## Dataset records:
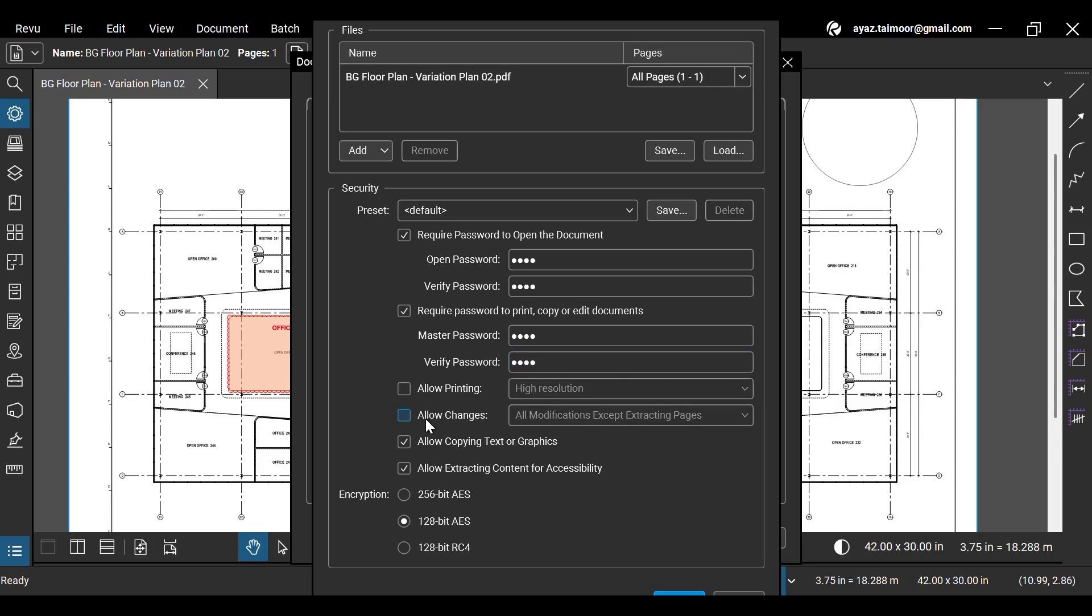You can also control the permission to allow printing, changes, and copying from the document by checking or unchecking these options. Let's uncheck the printing permission to see how it works.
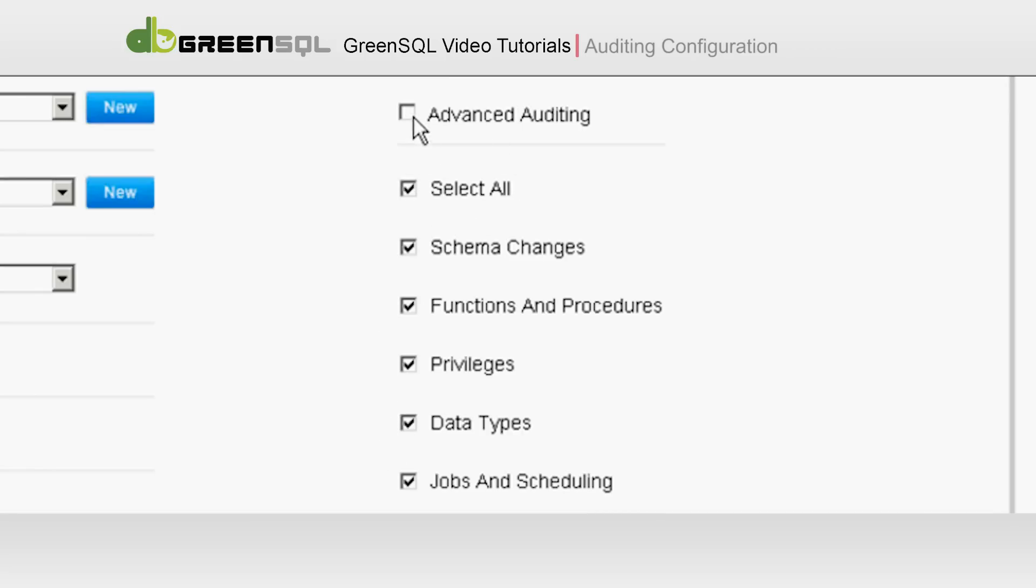Note that by clicking Advanced Auditing, GreenSQL will automatically provide full audit of the selected administrative commands, which includes a before and after view for any changes.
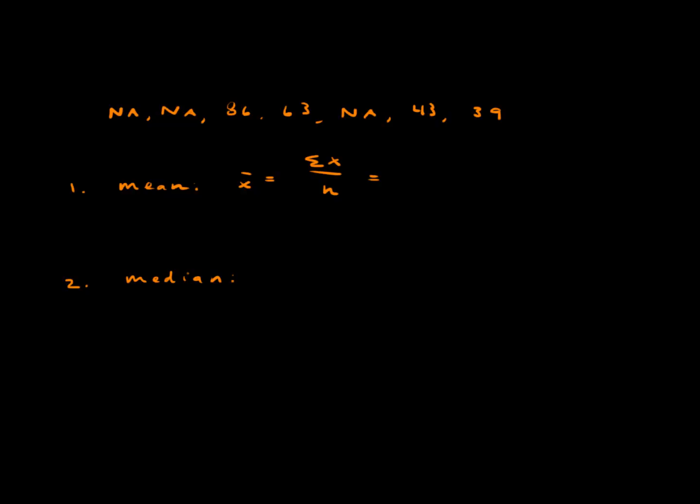So the two measures of center we want to look at in this problem are the mean and the median. Again here's our data with the three NAs.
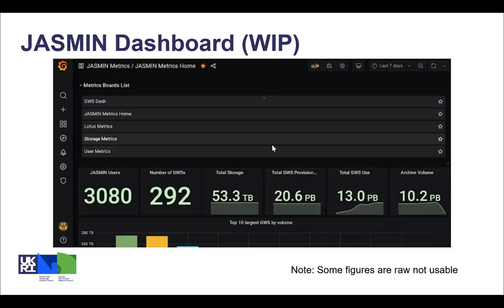Here's a work-in-progress example of a Jasmine landing dashboard. At the top we've got some sub-dashboards such as a group workspace dashboard and storage metrics. And then just highlights of the metrics here: total number of Jasmine users, number of group workspace volumes, and then some storage metrics. Just to note, some of these figures are raw rather than usable volume at the moment.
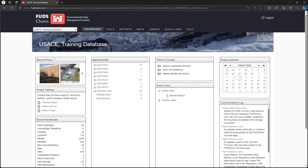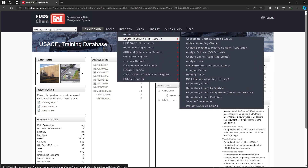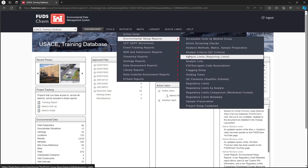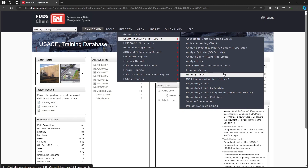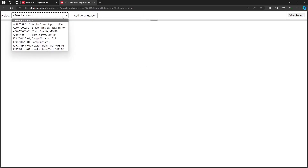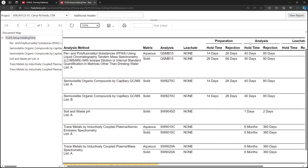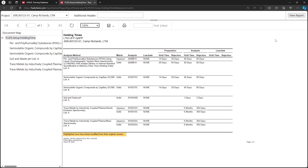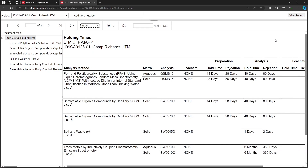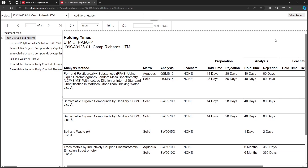Go to Reports, Environmental Setup Reports. Choose Holding Times, choose the project, then click View Report. This report lists the holding times established in the Holding Times tab of the EQAP. It includes holding times at the Preparation, Analysis, and Leachate levels. Values that have been changed from the original template are highlighted.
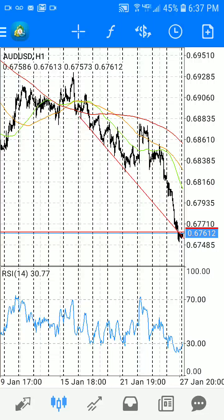Guys, really quickly, here is a quick tutorial on how to draw a trendline. Trendlines are basically an extension of the support and resistance rule. When you think about it, trendlines are basically support and resistance lines that are diagonal instead of horizontal.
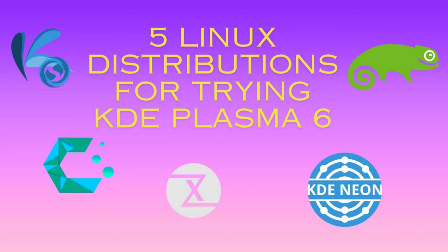If you're eager to get your hands on KDE Plasma 6 and want to try it out right now, you're in luck. We've compiled a list of the top 5 Linux distributions that offer KDE Plasma 6 out of the box, so you can experience the latest and greatest in desktop computing. From rolling release models to unique desktop experiences, there's something for everyone on this list.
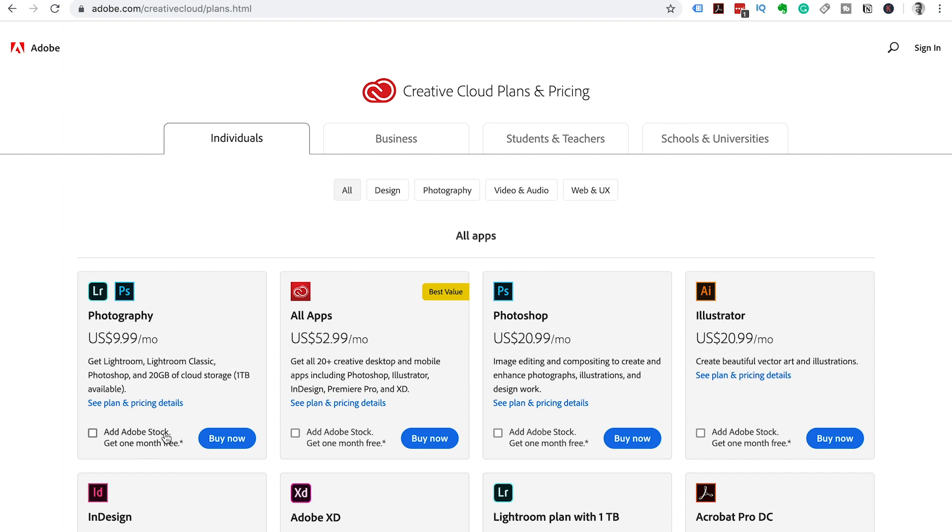You can include Adobe stock where you can get one month free. All Apps plan is $52.99 per month and the single app for Photoshop is $20.99.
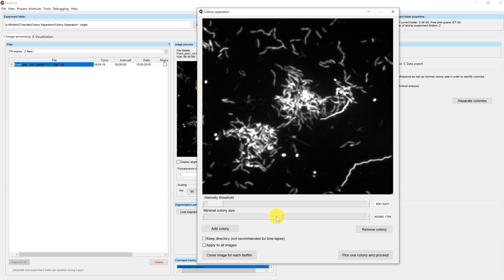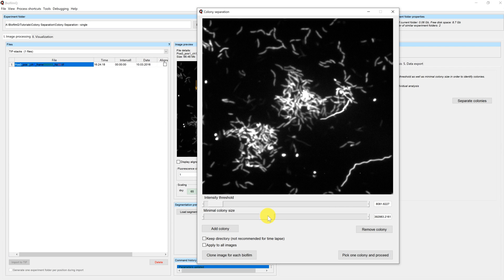If we move the slider further right, also the big colonies will disappear. Let's set the slider to a reasonable value where the two big colonies remain.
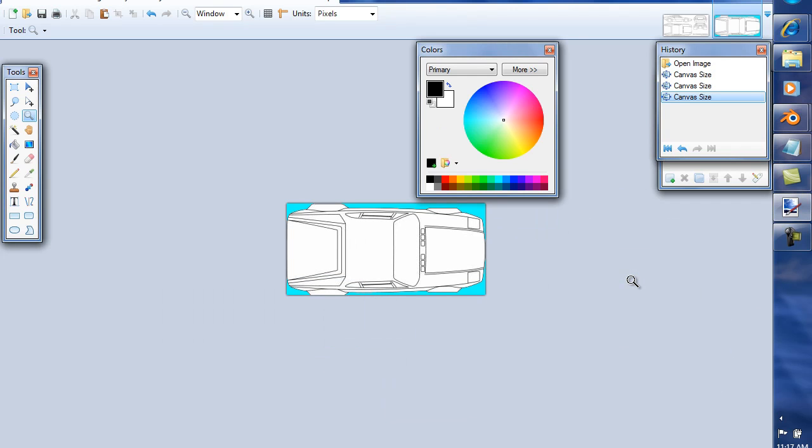Now we're going to take these blueprint views and we're going to bring them into Blender, and I'm going to show you how to align them perfectly in Blender, and then we'll start our modeling. That's all for this tutorial. Thank you for watching, leave your comments, and I'm out of here. See you later.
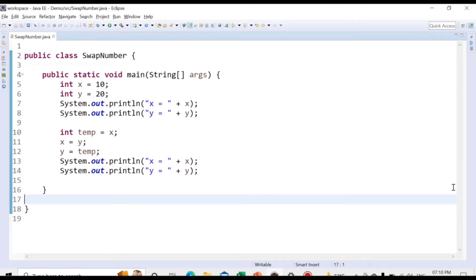Hello friends, welcome to CodeCrush Coding. In this video we are going to learn how to swap two integers without using a temporary variable. We have already covered the concept of swapping two numbers using a temporary variable, and I have provided the link in the description — you can watch that video.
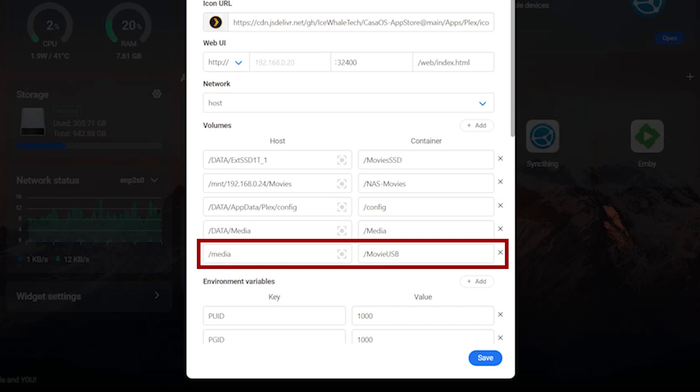And lastly to attach a USB drive the process is similar to a network share. You can't use the gray box to point to it. To allow Plex to use the USB drive you need to give it access to all the attached media. For this entry all you need is slash media. This allows access to all attached removable physical media that you plug into your USB ports. For the container I'm just going to call it slash movie USB.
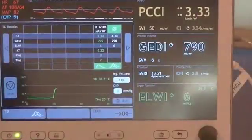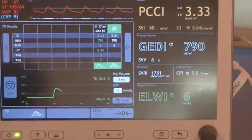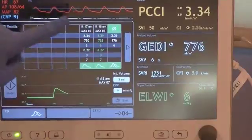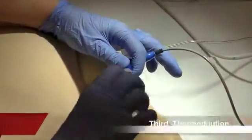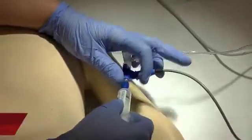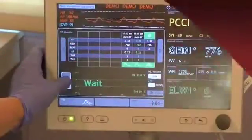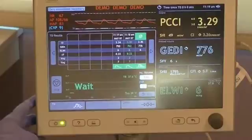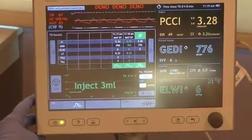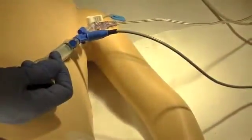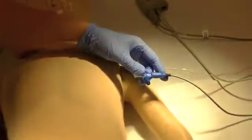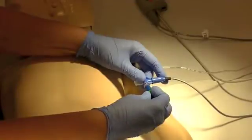Momentarily, the second set of values will then be displayed. Lastly, connect the third normal saline to the end port of the CVL. Press the Start key. After the command, inject the normal saline in a swift and steady fashion. Remove the syringe and protect the end of the port with an alcohol impregnated cap.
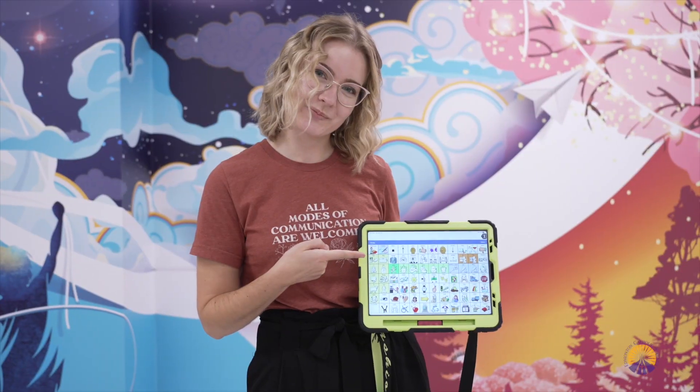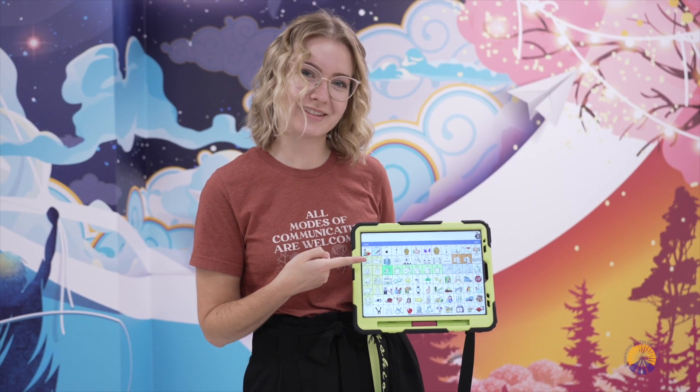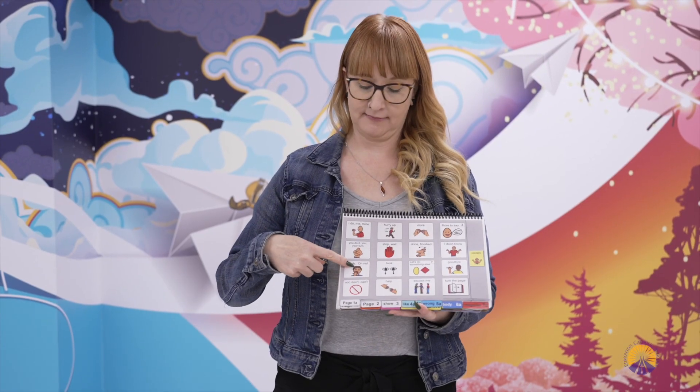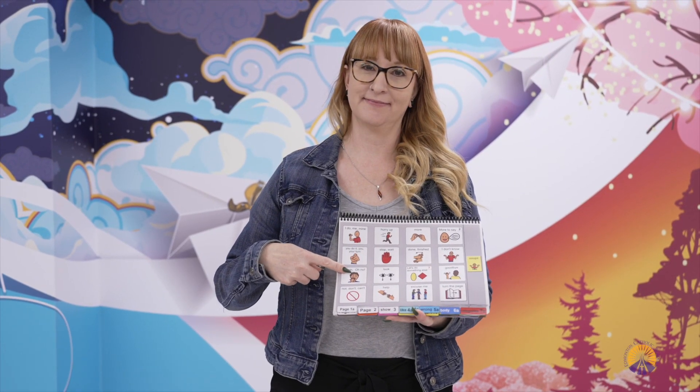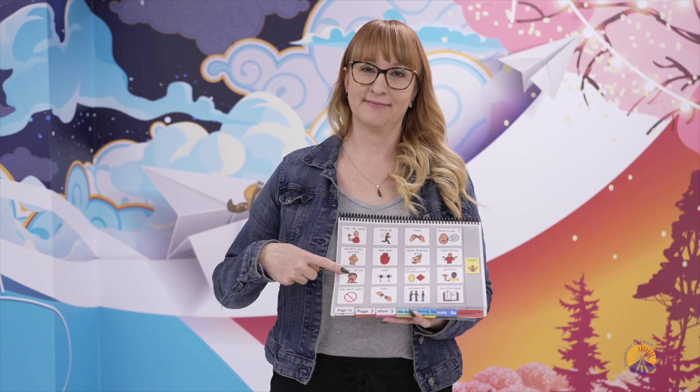Some people need electronic or non-electronic systems to communicate. We call these AAC devices. So what can you do next time you see someone using an AAC device?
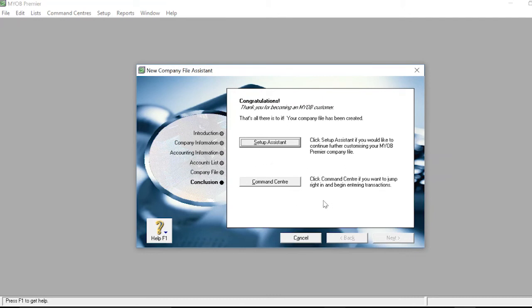After clicking Next, you can proceed to the Setup Assistant or the Command Center. The Setup Assistant allows you to further customize your MYOB company file, while the Command Center allows you to jump right in and begin entering transactions. Pressing Command Center brings you into the MYOB software.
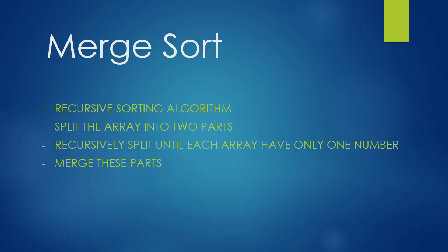Merge sort is a sorting algorithm based on recursion. The main idea behind merge sort is to split the array into two smaller arrays and then do it again and again and again until we have only one number in our array.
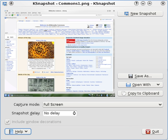Spectacle replaced K-Snapshot with the release of KDE Applications 15.12 in December 2015. In addition to what one could do with K-Snapshot, Spectacle can take composite screenshots of pop-up menus along with their parent windows.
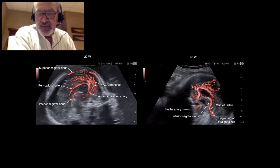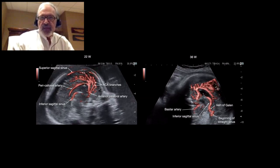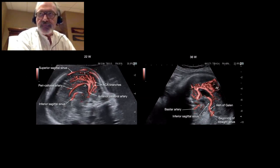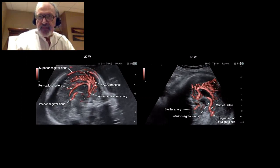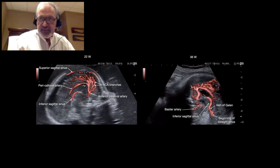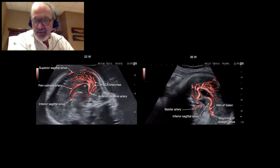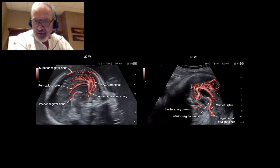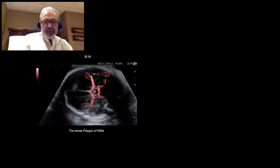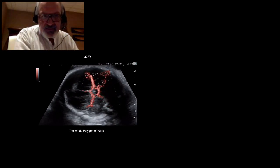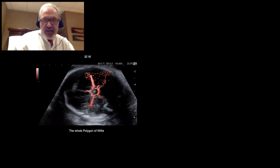Here, late in the pregnancy, we can see the basilar artery just in front of the midbrain. You can also see the inferior sagittal sinus extended by the vein of Galen, then the straight sinus, the beginning of the straight sinus. As you can see, the pericalosal artery is fully filled with the signal. In transversal view, it's very easy to have the whole polygon of Willis and the mid-cerebral arteries.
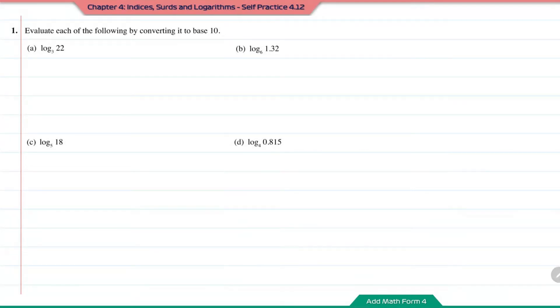Self-practice 4.12, question number 1. Evaluate each of the following by converting it to base 10.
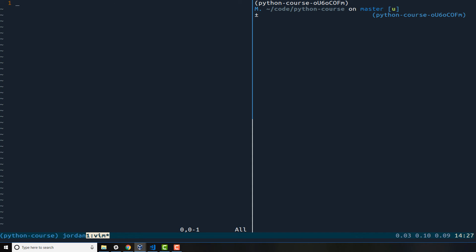In this section of the course we are going to start working with the file system in Python. We're going to start off with the basics but I want to walk through a practical example. A very common use case for working with the file system is to log values.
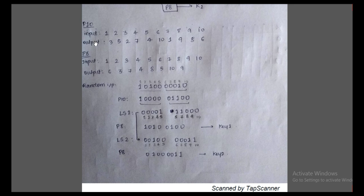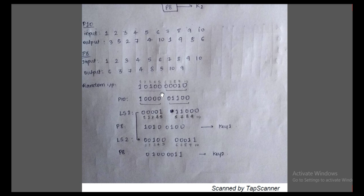To convert it into P10, we look at the input-output table given in the question. The third bit should be in the first position, the fifth bit in the second position giving zero, the second bit in the third position giving zero, the seventh bit in the fourth position giving zero, and the fourth bit in the fifth position giving zero. Similarly we place bits 10, 1, 9, 8, 6 — giving zero, zero, zero, one, one, zero, zero. This gives us the P10 output.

## Your objective:
With the pictures omitted, print each line of the data above precisely as given.

## Task answer:
You can also control the permission to allow printing, changes, and copying from the document by checking or unchecking these options. Let's uncheck the printing permission to see how it works.
Note that by clicking Advanced Auditing, GreenSQL will automatically provide full audit of the selected administrative commands, which includes a before and after view for any changes.
So the two measures of center we want to look at in this problem are the mean and the median. Again here's our data with the three NAs.
Here's a work-in-progress example of a Jasmine landing dashboard. At the top we've got some sub-dashboards such as a group workspace dashboard and storage metrics. And then just highlights of the metrics here: total number of Jasmine users, number of group workspace volumes, and then some storage metrics. Just to note, some of these figures are raw rather than usable volume at the moment.
Go to Reports, Environmental Setup Reports. Choose Holding Times, choose the project, then click View Report. This report lists the holding times established in the Holding Times tab of the EQAP. It includes holding times at the Preparation, Analysis, and Leachate levels. Values that have been changed from the original template are highlighted.
Guys, really quickly, here is a quick tutorial on how to draw a trendline. Trendlines are basically an extension of the support and resistance rule. When you think about it, trendlines are basically support and resistance lines that are diagonal instead of horizontal.
If you're eager to get your hands on KDE Plasma 6 and want to try it out right now, you're in luck. We've compiled a list of the top 5 Linux distributions that offer KDE Plasma 6 out of the box, so you can experience the latest and greatest in desktop computing. From rolling release models to unique desktop experiences, there's something for everyone on this list.
You can include Adobe stock where you can get one month free. All Apps plan is $52.99 per month and the single app for Photoshop is $20.99.
If we move the slider further right, also the big colonies will disappear. Let's set the slider to a reasonable value where the two big colonies remain.
Now we're going to take these blueprint views and we're going to bring them into Blender, and I'm going to show you how to align them perfectly in Blender, and then we'll start our modeling. That's all for this tutorial. Thank you for watching, leave your comments, and I'm out of here. See you later.
Hello friends, welcome to CodeCrush Coding. In this video we are going to learn how to swap two integers without using a temporary variable. We have already covered the concept of swapping two numbers using a temporary variable, and I have provided the link in the description — you can watch that video.
And lastly to attach a USB drive the process is similar to a network share. You can't use the gray box to point to it. To allow Plex to use the USB drive you need to give it access to all the attached media. For this entry all you need is slash media. This allows access to all attached removable physical media that you plug into your USB ports. For the container I'm just going to call it slash movie USB.
Momentarily, the second set of values will then be displayed. Lastly, connect the third normal saline to the end port of the CVL. Press the Start key. After the command, inject the normal saline in a swift and steady fashion. Remove the syringe and protect the end of the port with an alcohol impregnated cap.
Some people need electronic or non-electronic systems to communicate. We call these AAC devices. So what can you do next time you see someone using an AAC device?
After clicking Next, you can proceed to the Setup Assistant or the Command Center. The Setup Assistant allows you to further customize your MYOB company file, while the Command Center allows you to jump right in and begin entering transactions. Pressing Command Center brings you into the MYOB software.
Merge sort is a sorting algorithm based on recursion. The main idea behind merge sort is to split the array into two smaller arrays and then do it again and again and again until we have only one number in our array.
Spectacle replaced K-Snapshot with the release of KDE Applications 15.12 in December 2015. In addition to what one could do with K-Snapshot, Spectacle can take composite screenshots of pop-up menus along with their parent windows.
Here, late in the pregnancy, we can see the basilar artery just in front of the midbrain. You can also see the inferior sagittal sinus extended by the vein of Galen, then the straight sinus, the beginning of the straight sinus. As you can see, the pericalosal artery is fully filled with the signal. In transversal view, it's very easy to have the whole polygon of Willis and the mid-cerebral arteries.
Self-practice 4.12, question number 1. Evaluate each of the following by converting it to base 10.
In this section of the course we are going to start working with the file system in Python. We're going to start off with the basics but I want to walk through a practical example. A very common use case for working with the file system is to log values.
To convert it into P10, we look at the input-output table given in the question. The third bit should be in the first position, the fifth bit in the second position giving zero, the second bit in the third position giving zero, the seventh bit in the fourth position giving zero, and the fourth bit in the fifth position giving zero. Similarly we place bits 10, 1, 9, 8, 6 — giving zero, zero, zero, one, one, zero, zero. This gives us the P10 output.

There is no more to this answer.